The other problem I see is that they would never really be behind a hardware firewall making your point even more valid. But making the point of you addressing this as your key reason for using software firewalls behind hardware firewalls rather point-less, unless their roaming laptop is their not roaming desktop when that use isn't roaming. But, then they would be behind the well administered firewall on the well administered network.

Might be confusing to read but the idea is accurate, yes?
 

chsh1ca

Golden Member
Feb 17, 2003
1,179
0
0
Originally posted by: spidey07
Maybe if I give a little background it would help...

Over the last few years we have seen an explosion in the "mobile enterprise" and "anytime/anywhere access". VPNs and ready internet access have enabled it.

VPN technology is very mature now adays and can be easily deployed to enable the mobile enterprise where users need only a hotel internet connection, airport or wireless net to access corporate resources and applications.
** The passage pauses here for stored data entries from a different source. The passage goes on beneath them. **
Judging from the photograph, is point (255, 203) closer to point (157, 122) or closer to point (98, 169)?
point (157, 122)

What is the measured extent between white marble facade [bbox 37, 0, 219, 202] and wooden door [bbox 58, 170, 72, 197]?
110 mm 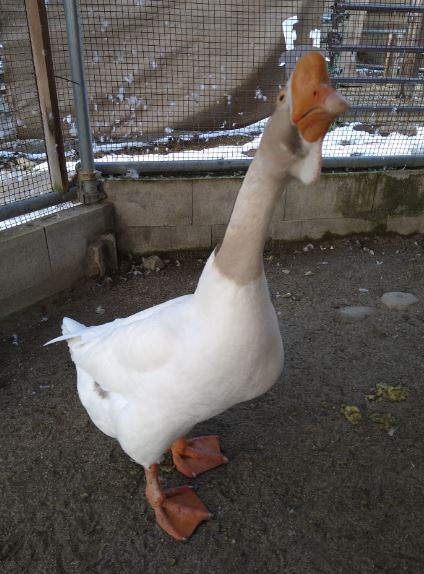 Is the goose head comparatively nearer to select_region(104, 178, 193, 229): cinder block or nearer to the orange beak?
the orange beak

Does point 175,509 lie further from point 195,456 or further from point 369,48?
point 369,48

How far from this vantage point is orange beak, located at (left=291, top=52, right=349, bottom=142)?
1.24 metres

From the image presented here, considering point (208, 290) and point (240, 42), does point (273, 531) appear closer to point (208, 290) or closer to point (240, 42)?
point (208, 290)

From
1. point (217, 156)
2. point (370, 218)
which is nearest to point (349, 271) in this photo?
point (370, 218)

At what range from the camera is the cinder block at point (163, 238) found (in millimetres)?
4289

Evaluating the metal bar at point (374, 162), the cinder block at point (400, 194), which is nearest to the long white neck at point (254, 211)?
the metal bar at point (374, 162)

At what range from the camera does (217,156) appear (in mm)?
4539

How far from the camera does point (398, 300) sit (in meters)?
3.70

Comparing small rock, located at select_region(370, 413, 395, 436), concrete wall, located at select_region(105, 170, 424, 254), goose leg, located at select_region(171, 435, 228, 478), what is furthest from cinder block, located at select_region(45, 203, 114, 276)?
small rock, located at select_region(370, 413, 395, 436)

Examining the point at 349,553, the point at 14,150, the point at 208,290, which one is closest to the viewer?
the point at 208,290

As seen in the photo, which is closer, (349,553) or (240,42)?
(349,553)

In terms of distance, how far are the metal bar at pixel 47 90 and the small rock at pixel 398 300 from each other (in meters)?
2.70

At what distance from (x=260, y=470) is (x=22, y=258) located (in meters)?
2.20

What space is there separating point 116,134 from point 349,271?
2588 mm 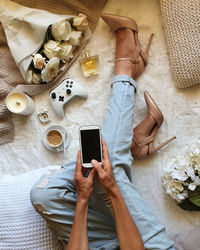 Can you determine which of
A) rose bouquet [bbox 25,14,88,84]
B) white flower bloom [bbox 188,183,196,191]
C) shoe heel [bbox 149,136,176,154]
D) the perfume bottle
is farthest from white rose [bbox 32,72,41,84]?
white flower bloom [bbox 188,183,196,191]

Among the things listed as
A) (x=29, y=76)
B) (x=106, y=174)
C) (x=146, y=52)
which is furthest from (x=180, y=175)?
(x=29, y=76)

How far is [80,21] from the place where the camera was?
48.5 inches

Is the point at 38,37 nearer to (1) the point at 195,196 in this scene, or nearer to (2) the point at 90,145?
(2) the point at 90,145

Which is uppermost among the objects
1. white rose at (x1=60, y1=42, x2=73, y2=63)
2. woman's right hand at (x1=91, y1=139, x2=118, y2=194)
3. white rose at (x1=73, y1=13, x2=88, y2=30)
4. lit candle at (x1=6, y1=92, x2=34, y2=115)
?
white rose at (x1=73, y1=13, x2=88, y2=30)

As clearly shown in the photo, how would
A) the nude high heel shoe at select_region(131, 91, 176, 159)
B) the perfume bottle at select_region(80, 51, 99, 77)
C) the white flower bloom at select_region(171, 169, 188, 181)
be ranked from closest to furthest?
1. the white flower bloom at select_region(171, 169, 188, 181)
2. the nude high heel shoe at select_region(131, 91, 176, 159)
3. the perfume bottle at select_region(80, 51, 99, 77)

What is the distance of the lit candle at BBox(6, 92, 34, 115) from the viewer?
1.23 meters

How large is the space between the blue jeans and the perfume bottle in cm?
24

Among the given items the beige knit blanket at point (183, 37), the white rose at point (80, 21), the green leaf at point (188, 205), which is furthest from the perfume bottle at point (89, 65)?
the green leaf at point (188, 205)

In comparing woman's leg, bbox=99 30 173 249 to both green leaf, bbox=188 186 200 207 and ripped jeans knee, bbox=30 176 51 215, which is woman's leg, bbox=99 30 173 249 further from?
ripped jeans knee, bbox=30 176 51 215

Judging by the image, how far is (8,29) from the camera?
1237mm

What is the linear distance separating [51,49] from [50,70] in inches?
3.7

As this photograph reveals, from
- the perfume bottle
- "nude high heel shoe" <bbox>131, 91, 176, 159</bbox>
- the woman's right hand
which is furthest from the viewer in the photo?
the perfume bottle

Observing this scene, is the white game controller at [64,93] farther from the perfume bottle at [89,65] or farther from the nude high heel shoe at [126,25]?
the nude high heel shoe at [126,25]

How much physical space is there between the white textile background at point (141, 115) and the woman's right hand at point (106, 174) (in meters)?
0.29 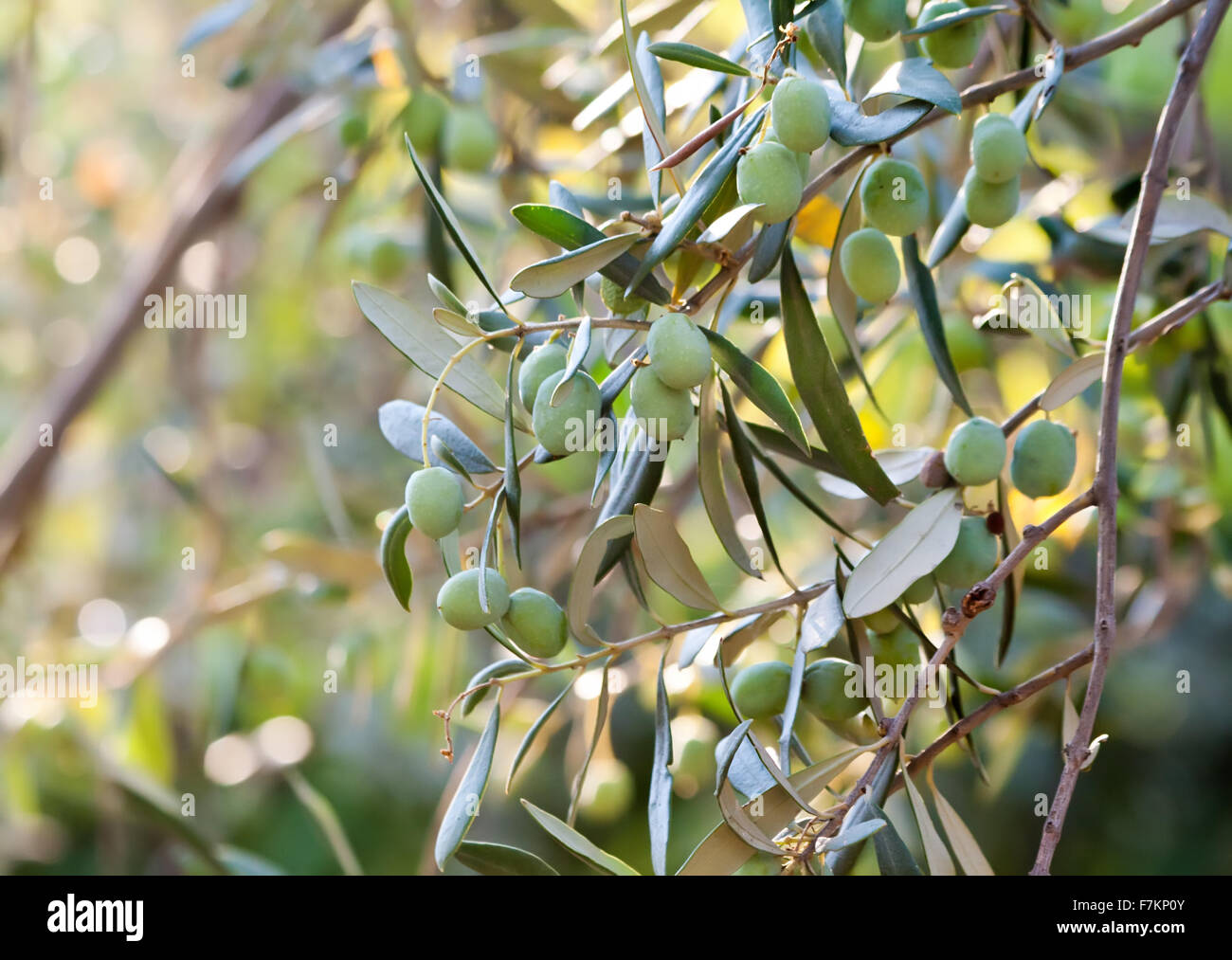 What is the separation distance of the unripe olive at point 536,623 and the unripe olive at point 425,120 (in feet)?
1.97

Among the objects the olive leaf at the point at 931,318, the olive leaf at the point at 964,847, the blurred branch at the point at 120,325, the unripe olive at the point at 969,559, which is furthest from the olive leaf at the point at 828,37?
the blurred branch at the point at 120,325

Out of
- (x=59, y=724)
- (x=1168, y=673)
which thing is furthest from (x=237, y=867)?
(x=1168, y=673)

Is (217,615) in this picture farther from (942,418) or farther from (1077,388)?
(1077,388)

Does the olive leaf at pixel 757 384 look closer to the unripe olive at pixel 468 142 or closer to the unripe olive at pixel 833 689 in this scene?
the unripe olive at pixel 833 689

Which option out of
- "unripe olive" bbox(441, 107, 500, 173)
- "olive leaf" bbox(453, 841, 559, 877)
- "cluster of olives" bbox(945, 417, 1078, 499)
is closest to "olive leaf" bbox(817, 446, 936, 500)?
"cluster of olives" bbox(945, 417, 1078, 499)

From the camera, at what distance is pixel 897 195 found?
565 mm

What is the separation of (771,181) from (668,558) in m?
0.20

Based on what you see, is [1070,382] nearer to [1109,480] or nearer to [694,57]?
[1109,480]

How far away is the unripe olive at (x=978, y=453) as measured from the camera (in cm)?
55

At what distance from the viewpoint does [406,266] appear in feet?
3.82

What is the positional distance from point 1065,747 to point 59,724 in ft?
3.72

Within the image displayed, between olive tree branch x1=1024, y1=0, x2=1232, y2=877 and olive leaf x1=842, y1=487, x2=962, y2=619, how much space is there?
0.07 m

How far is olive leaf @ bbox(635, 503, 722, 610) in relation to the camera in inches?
21.4

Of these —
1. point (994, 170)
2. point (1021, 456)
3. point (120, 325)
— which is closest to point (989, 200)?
point (994, 170) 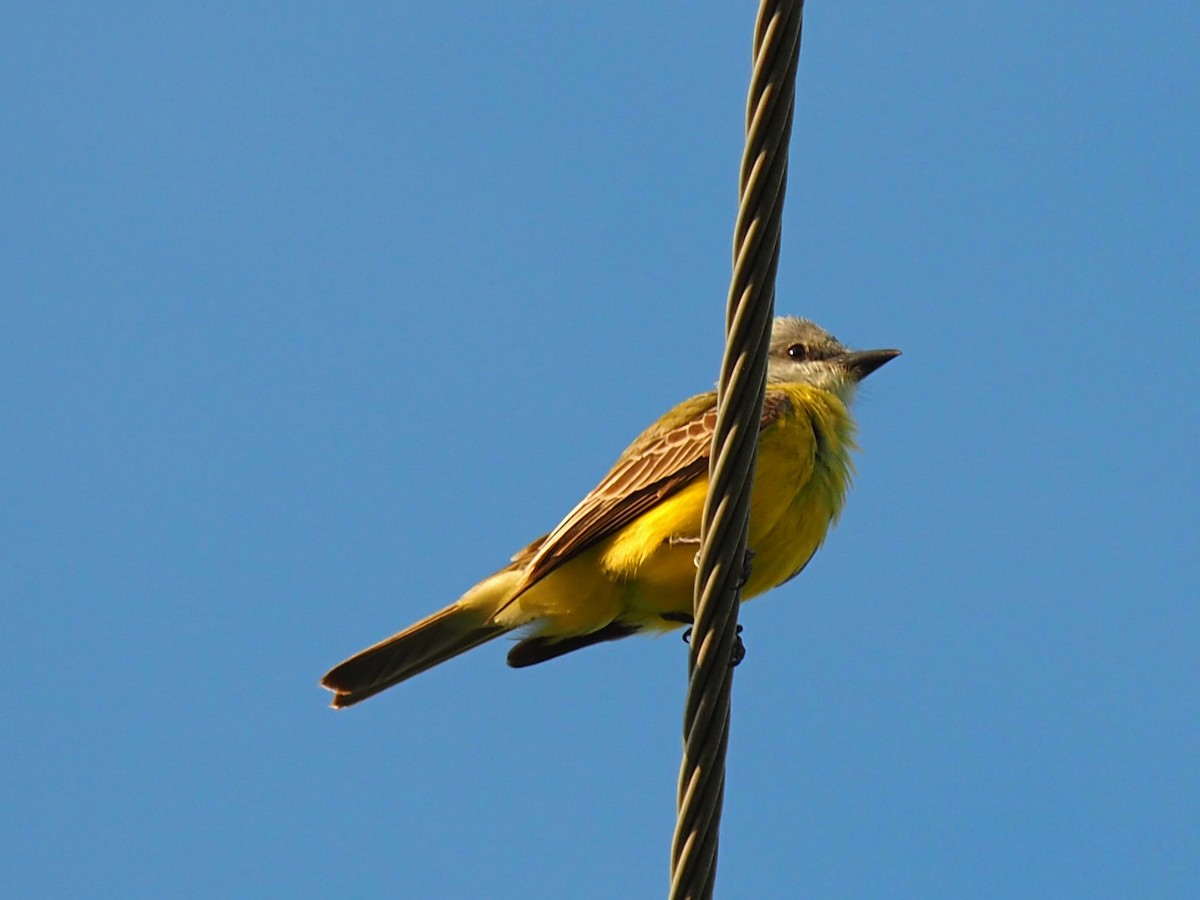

I think we would all agree that most if not all good sized enterprises use VPNs to allow users to connect to internal resources.

So when I started tackling this trend 4 years ago there was always one nagging concern. "How can I protect all these 1000s of roaming laptops that are attaching to the internet/hostile networks and prevent them from disrupting service?"

And so the personal firewall was born and has been maturing at a good pace.

I still fail to see how a personal firewall is not needed (or at the very least not investigated) in today's environment. If I had complete and perfect control over every single PC and node on a network then possibly it could be avoided. But I've never seen such a network.

I didn't say it shouldn't be investigated, I simply said I don't see its use on the desktops you could consider 'trusted'. Laptops are another beast entirely. Luckily I have to deal with a minimum of these, and I don't let the roaming force have remote access. We have encrypted webmail for access to their emails, and anything that they need they get sent to them. Fortunately I'm in a situation where I can be as much of a dictator as I choose. Other places aren't as fortunate (like when I worked at the university).

As an FYI - I'm starting to address the consultant and unauthorized user on our LANs with the use of 802.1x. Don't have a certificate or good user/pass? Then you don't get no IP and you no talky-talky. :)

Good solution. :) I can see 802.1x becoming more and more popular.

The more and more we discuss this and hammer out exactly what the other person is trying to say, the more and more I think we were really arguing about two separate issues.